You are viewing a plain text version of this content. The canonical link for it is here.
Posted to commits@hudi.apache.org by "selvaraj (Jira)" <ji...@apache.org> on 2021/08/25 22:48:00 UTC

[jira] [Created] (HUDI-2363) COW : Listing leaf files and directories twice

selvaraj created HUDI-2363:
------------------------------

             Summary: COW : Listing leaf files and directories twice
                 Key: HUDI-2363
                 URL: https://issues.apache.org/jira/browse/HUDI-2363
             Project: Apache Hudi
          Issue Type: Bug
          Components: Writer Core
            Reporter: selvaraj
         Attachments: Screen Shot 2021-08-25 at 5.36.52 PM.png

Team,

In our organization we are still using Hudi 0.5.0.  We would upgrade to the latest version in couple of quarters.   

problem scenario :

Many use cases in our project using COW and hive sync is disabled.  One of the Hudi contains two years worth of data , which are partitioned by date.  For every write on this table, i notice that Listing leaf files and directories job triggered twice.

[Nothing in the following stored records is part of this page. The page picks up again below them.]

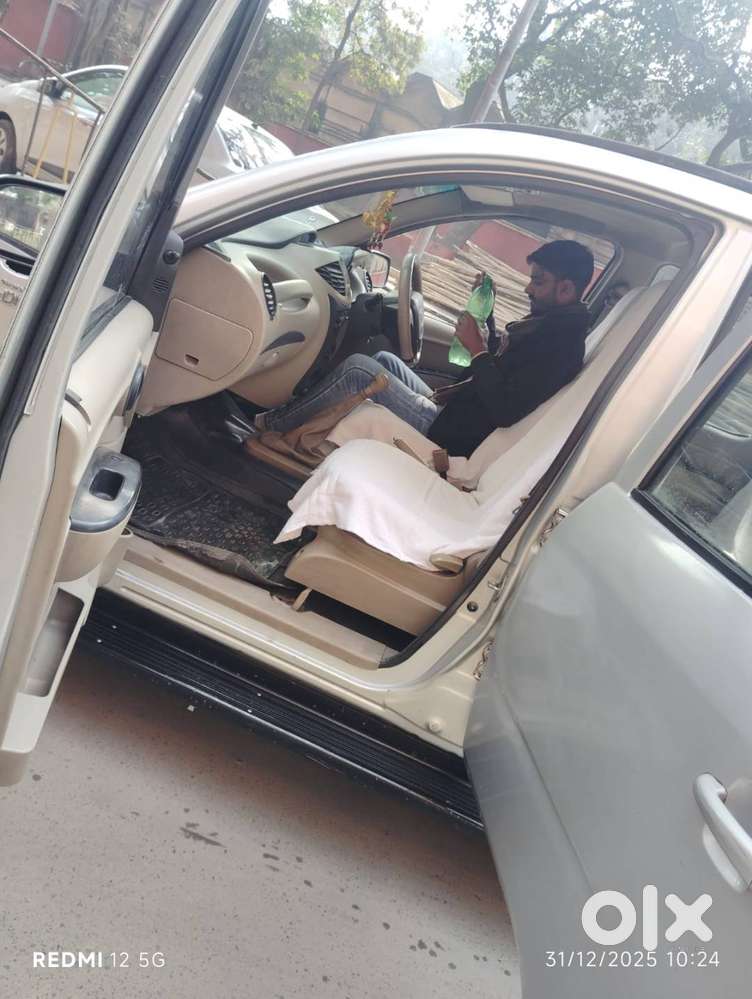 Mahindra Xylo D4 2017 Model Very Good Condition.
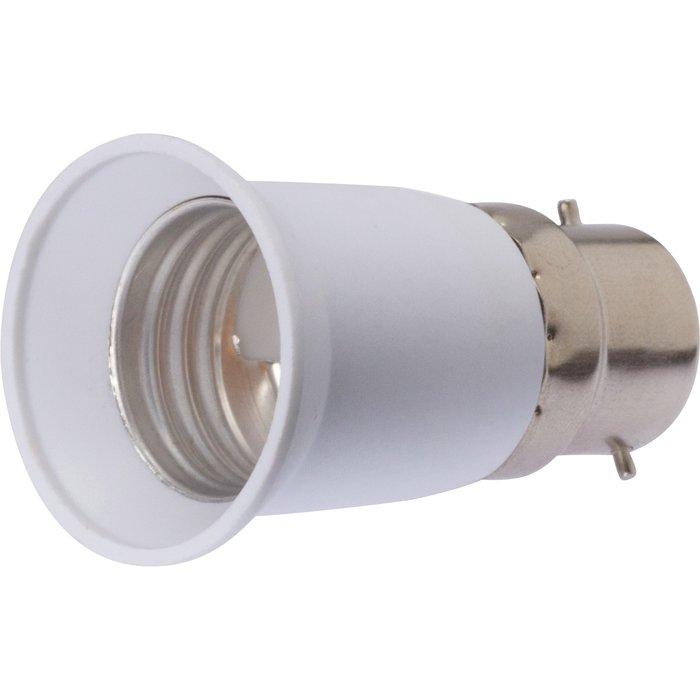 ADAPTATEUR DOUILLE E27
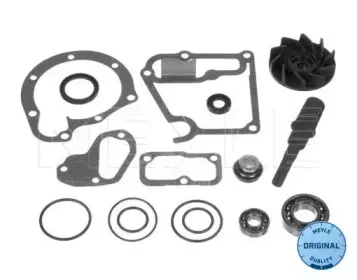 034 020 0036 MEYLE Ремкомплект, водяной насос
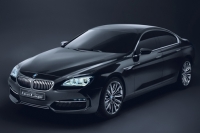 Из BMW 6 сделают седан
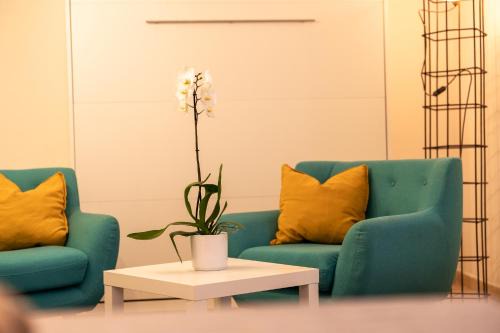 Merano Apartment | Suite - Sweet MayLeen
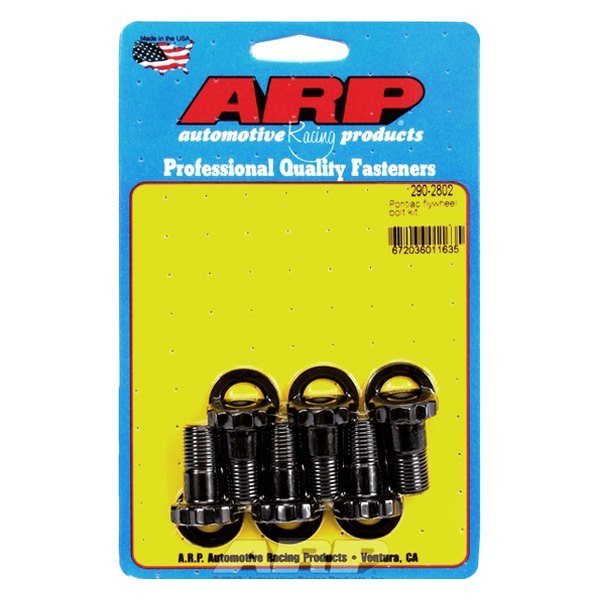 ARP® - Flywheel Bolt Kit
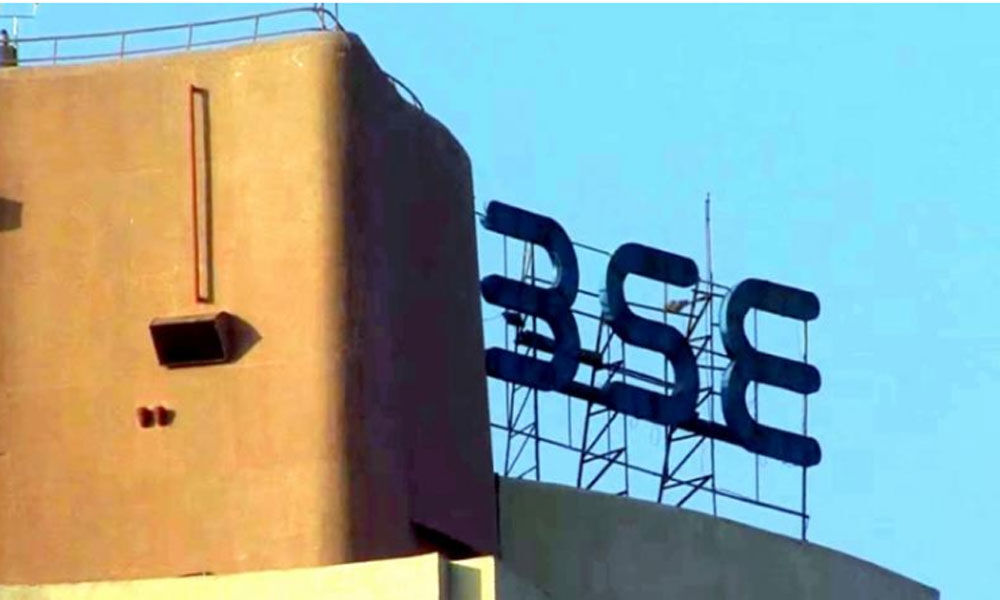 Sensex soars over 300 points, Nifty above 11,250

Normally it is triggered only once.  Attache the screenshot. 

 

once the first  listing leaf files and directories are done, i noticed the below warning. and then another listing of leaf files and directories logs are rolled. 

21/08/24 20:40:40 *WARN* SharedInMemoryCache: Evicting cached table partition metadata from memory due to size constraints (spark.sql.hive.filesourcePartitionFileCacheSize = 262144000 bytes). This may impact query planning performance.

 

I  spent some time in investigating the source code but couldn't trace where exactly it is being invoked .

 

Are there any relationship between the warning message and this twice the listing happening?

How can it be avoided here?

 



--
This message was sent by Atlassian Jira
(v8.3.4#803005)